The major bright spot in recent weeks came when President Obama’s administration released the nation’s first mandatory limits on carbon pollution from power plants. While the rules aren’t as strong as the science shows is needed, they are a welcome shift toward meaningful climate action out of Washington. CCAN will be working to ensure they are implemented in a way that speeds the transition to clean energy — not more fracked gas — in our region.
Here are even more ways you can take action with CCAN this summer…
MARYLAND: Join the conference call June 26 at 8 PM eastern time to hear from leaders in the movement to stop gas exports and learn the latest on the July 13th mass rally in Washington. Join in at the time of the call by dialing 559-726-1200 and using code 776632. Speakers will include scientist Tony Ingraffea, Pennsylvania no-fracking leader Karen Feridun, Hip Hop Caucus president Rev. Lennox Yearwood, Food & Water Watch leader Emily Wurth, and myself. You’ll be able to ask questions and learn more about the exciting role you can play in attending the rally in Washington.

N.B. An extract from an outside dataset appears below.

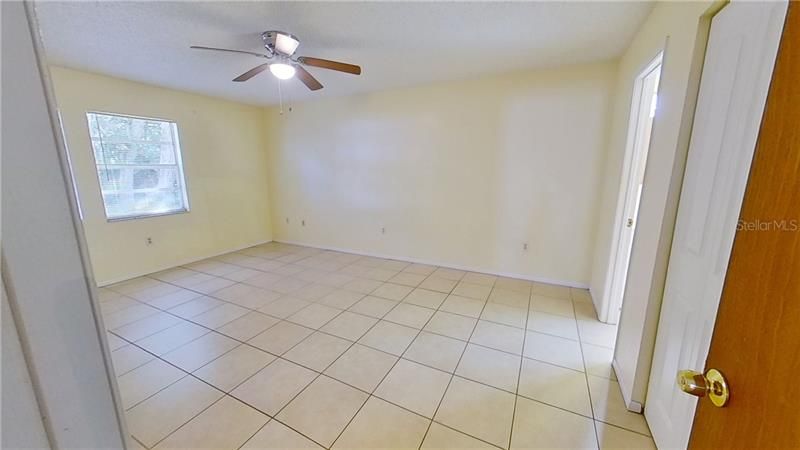 Recently Rented: $1,250 (3 beds, 2 baths, 1390 Square Feet)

DC/NATIONAL: Join the Climate Ride! This year, from September 20th – 24th, 2014, CCAN board members, staff and friends will take part in a five-day bike ride from New York City to the Capitol steps in DC. Learn more about the ride and sign up here to join us!

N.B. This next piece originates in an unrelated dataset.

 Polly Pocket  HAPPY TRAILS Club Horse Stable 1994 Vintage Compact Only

VIRGINIA: Join the Virginia Summer Activist Call with CCANers from around the state on Monday, June 30th at 7pm. We’ll recap our spring successes and talk about how we’ll push even further for climate solutions in Virginia this summer. From collecting thousands of petitions to the State Corporation Commission, to creatively exposing Dominion’s greenwashing at Earth Day festivals, to earning unprecedented investor support for climate resolutions at Dominion’s annual shareholder meeting, we’ve hit Dominion where the company is most vulnerable — its public image and it’s bottom line — thanks to activists like you. RSVP here for our first statewide call of the summer!

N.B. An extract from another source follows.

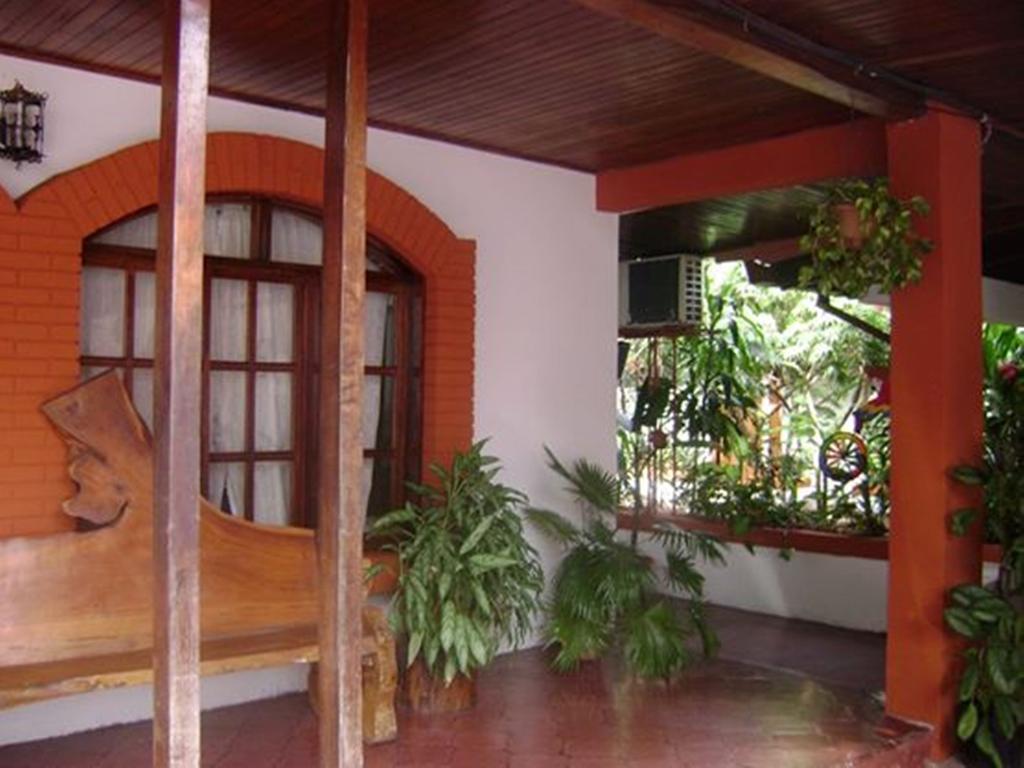 Hotel Jackie'S House Puntarenas Buitenkant foto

These last few months have made it clear; we have a lot to do. That’s why, on July 13th, thousands of Americans will converge in Washington DC to send a strong message to FERC: Stop Gas Exports and Stop Cove Point. Learn more about the biggest event to date in the fight to stop Cove Point and sign up to be a part of it here.
Onward,
mike-tidwell
Mike Tidwell
 
 

Wrapping Up the Maryland General Assembly 2014

In the final days of the 2014 legislative session, the Maryland General Assembly — despite passing many strong bills on climate change in recent years — voted to effectively stop construction of an entire modern wind farm on the Eastern Shore of Maryland.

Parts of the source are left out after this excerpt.